### Task instructions
Only an exact copy is wanted: the lines from the one holding "Opiniones sobre teclados" through the last line below, minus the pictures.

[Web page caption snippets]
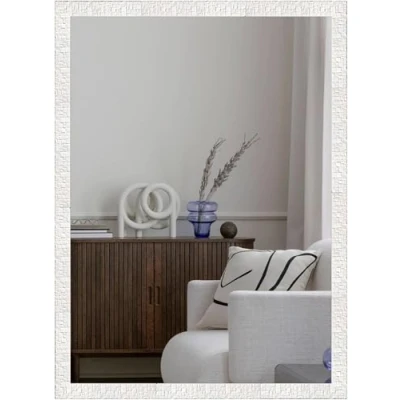 Image of nielsen HOME Wall Mirror 50x70cm, Florentina White Décor with Hanging Set, Hallway Mirror, Bedroom Décor, Mirrors for Bedrooms and Living Room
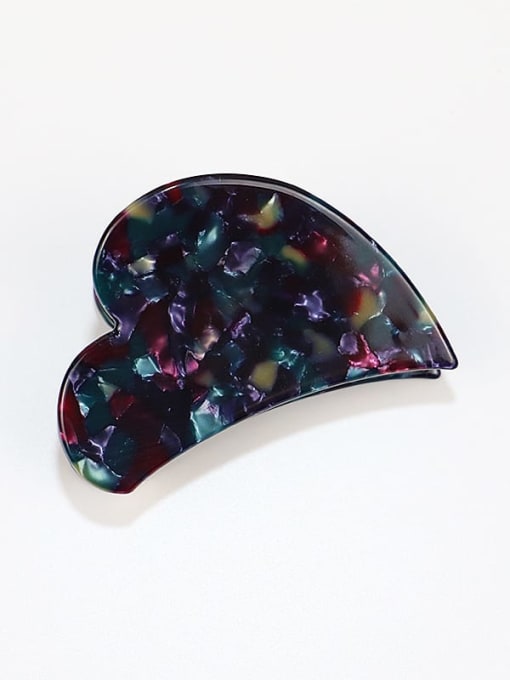 Colorful purple Cellulose Acetate Minimalist Heart Zinc Alloy Jaw Hair Claw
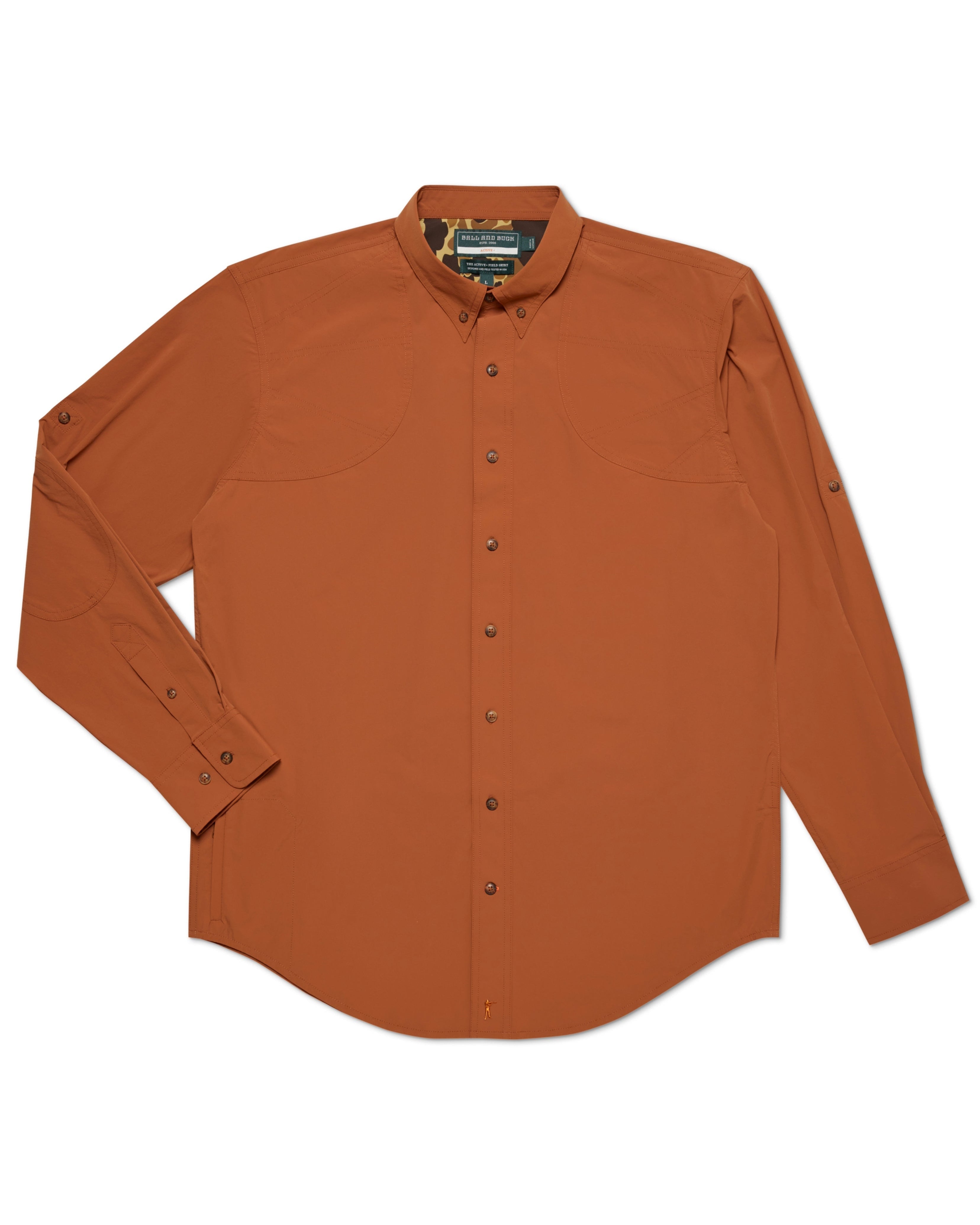 Active+ Field Shirt Rust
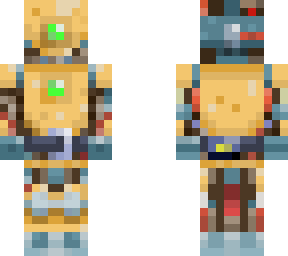 gold robot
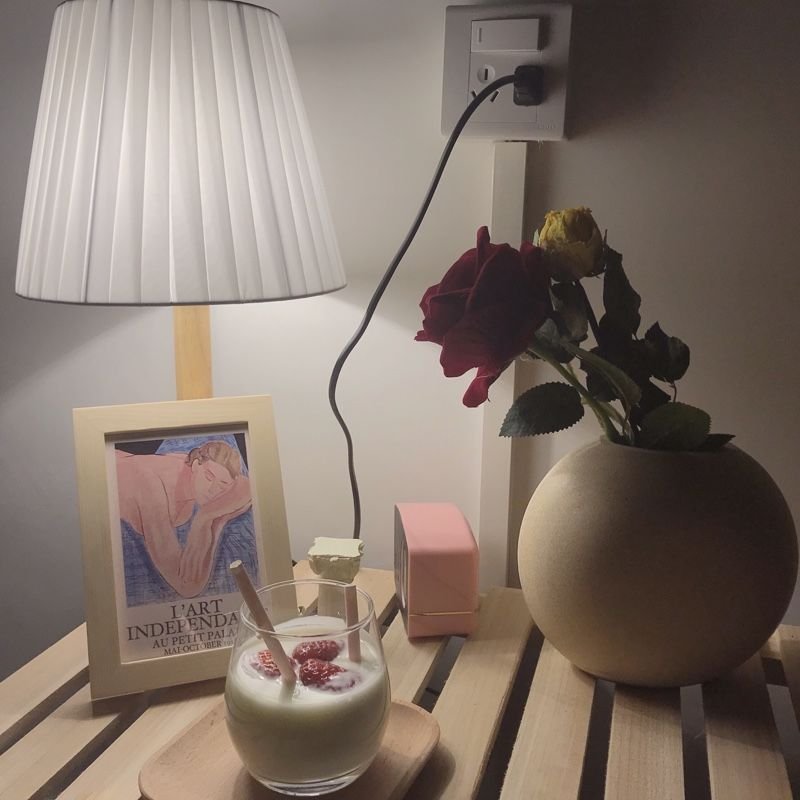 Kệ gỗ Tab đầu giường kích thước 35*35*80cm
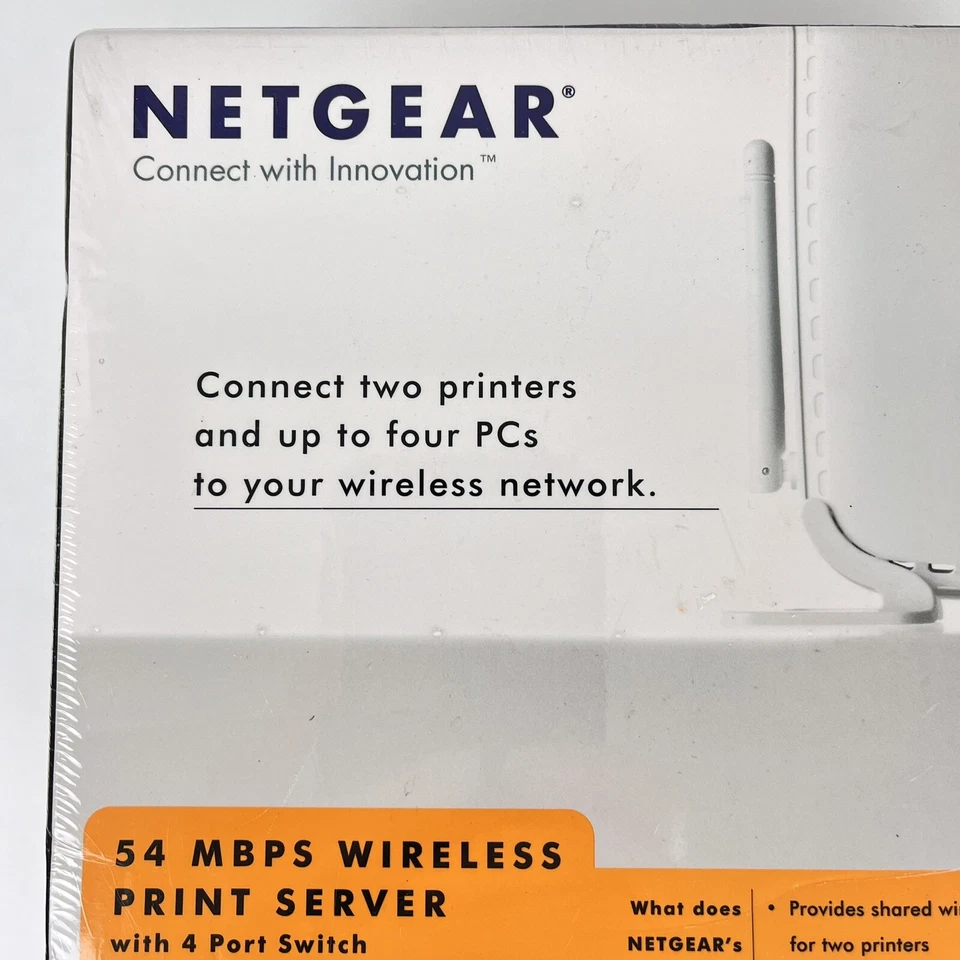 Netgear WGPS606 54 MBPS Wireless Print Server with 4 Port Switch New - Image 2 of 4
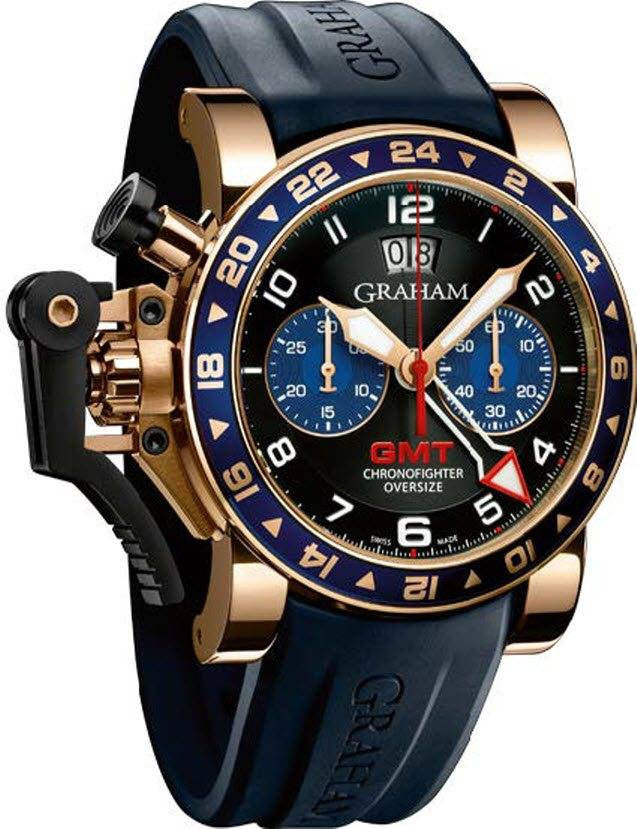 Graham Chronofighter Oversize GMT Gold D 2OVGR.B26A Image 1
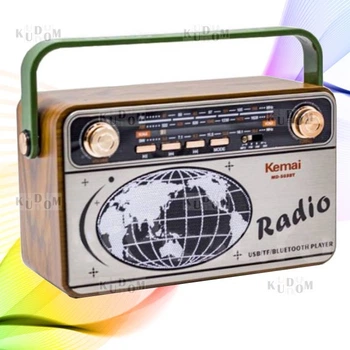 Портативный FM радиоприемник МD 5О3 ФМ радио приемник с флешкой USB ЮСБ с блютуз Bluetooth с пультом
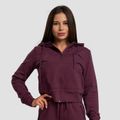 Dámska mikina Zip-up TRN Eggplant - GymBeam, veľkosť L, veľkosť oblečenia L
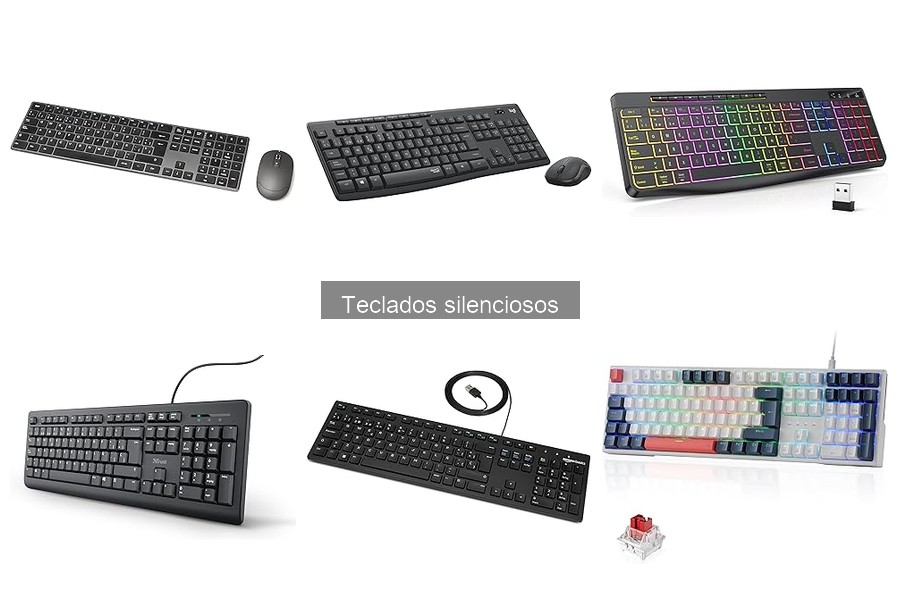 Opiniones sobre teclados silenciosos populares para teletrabajo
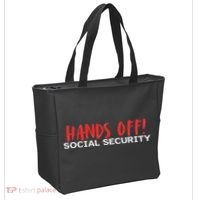 Hands Off Social Security Protest Resist Save Democracy Tote Bag thumb 2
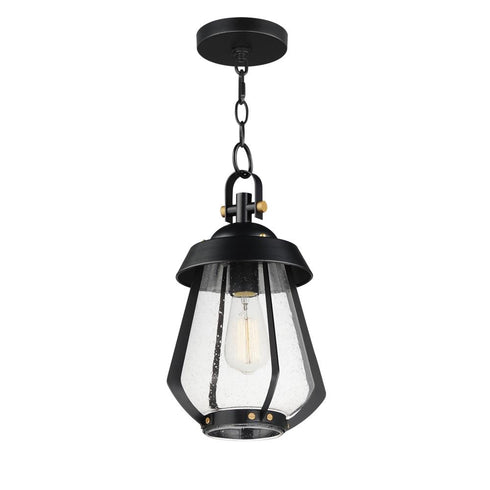 Maxim Mariner Outdoor Pendant in Black / Antique Brass Finish Model: 30621CDBKAB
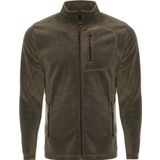 Genıus Store Erkek Polar Tam Fermuarlı 3 Cepli Outdoor Polar Ceket Tactical Flecee (HAKİ / L)
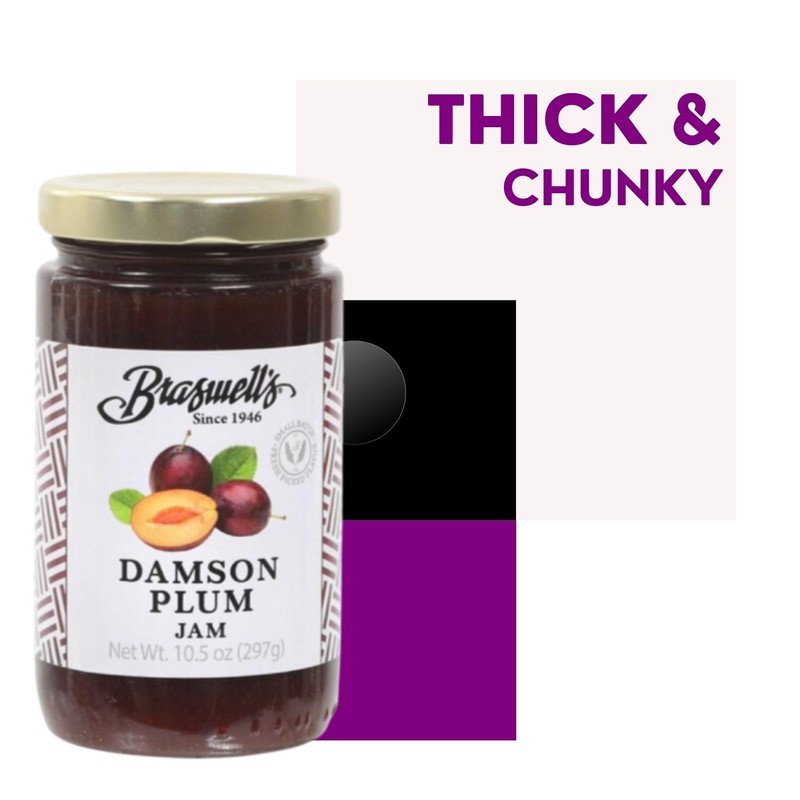 Damson Plum Jam, 10.5 Ounce Jar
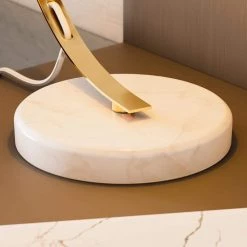 Bud 16.5 in. Gold Desk Lamp by Manor Brook 15 Bud 16.5 in. Gold Desk Lamp by Manor Brook -Brightech Sales gold manor brook desk lamps mb100072 fa 1000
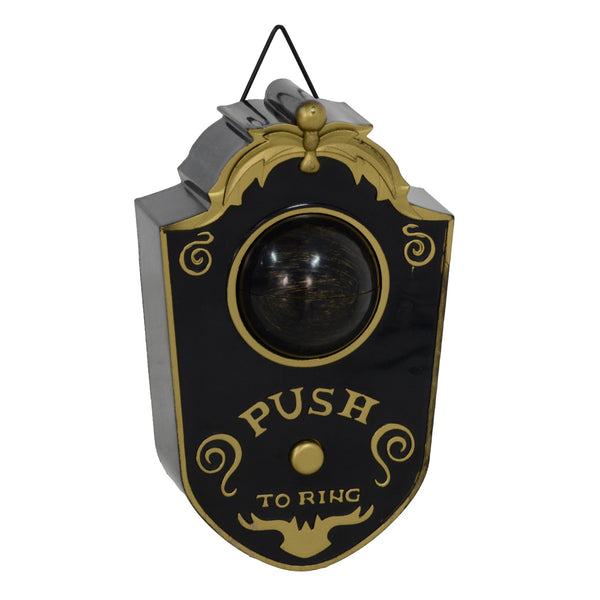 English Elm Homcom 7.1" Animatronic Halloween Doorbell With Light-Up Eyeball & Motion-Activated Scares W2225P229454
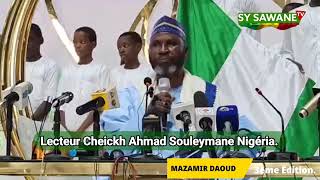 MAZAMIR DAOUD  ecoutons le lecteur Ahmad Souleymane du Nigéria [upl. by Acinaj]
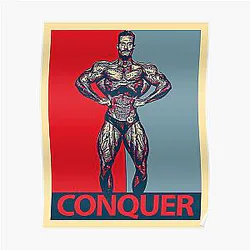 Chris Bumstead Posters - chris bumstead conquer cbum design Poster RB2801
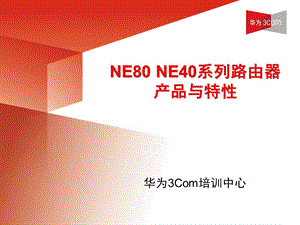 NE80NE40系列路由器产品与特性.ppt
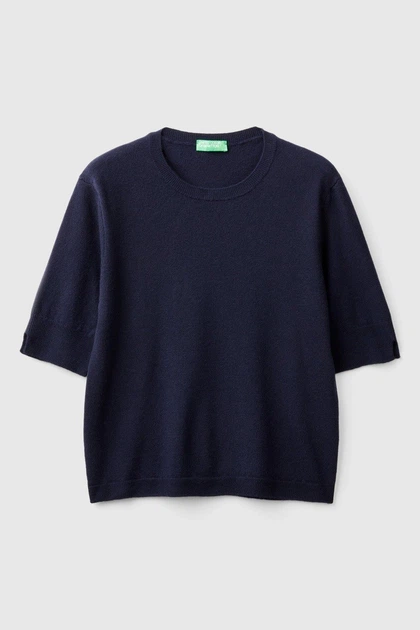 Джемпер Benetton 46(L) Синий (153724) - изображение 4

### Task result
 Opiniones sobre teclados silenciosos populares para teletrabajo
 Hands Off Social Security Protest Resist Save Democracy Tote Bag thumb 2
 Maxim Mariner Outdoor Pendant in Black / Antique Brass Finish Model: 30621CDBKAB
 Genıus Store Erkek Polar Tam Fermuarlı 3 Cepli Outdoor Polar Ceket Tactical Flecee (HAKİ / L)
 Damson Plum Jam, 10.5 Ounce Jar
 Bud 16.5 in. Gold Desk Lamp by Manor Brook 15 Bud 16.5 in. Gold Desk Lamp by Manor Brook -Brightech Sales gold manor brook desk lamps mb100072 fa 1000
 English Elm Homcom 7.1" Animatronic Halloween Doorbell With Light-Up Eyeball & Motion-Activated Scares W2225P229454
 MAZAMIR DAOUD  ecoutons le lecteur Ahmad Souleymane du Nigéria [upl. by Acinaj]
 Chris Bumstead Posters - chris bumstead conquer cbum design Poster RB2801
 NE80NE40系列路由器产品与特性.ppt
 Джемпер Benetton 46(L) Синий (153724) - изображение 4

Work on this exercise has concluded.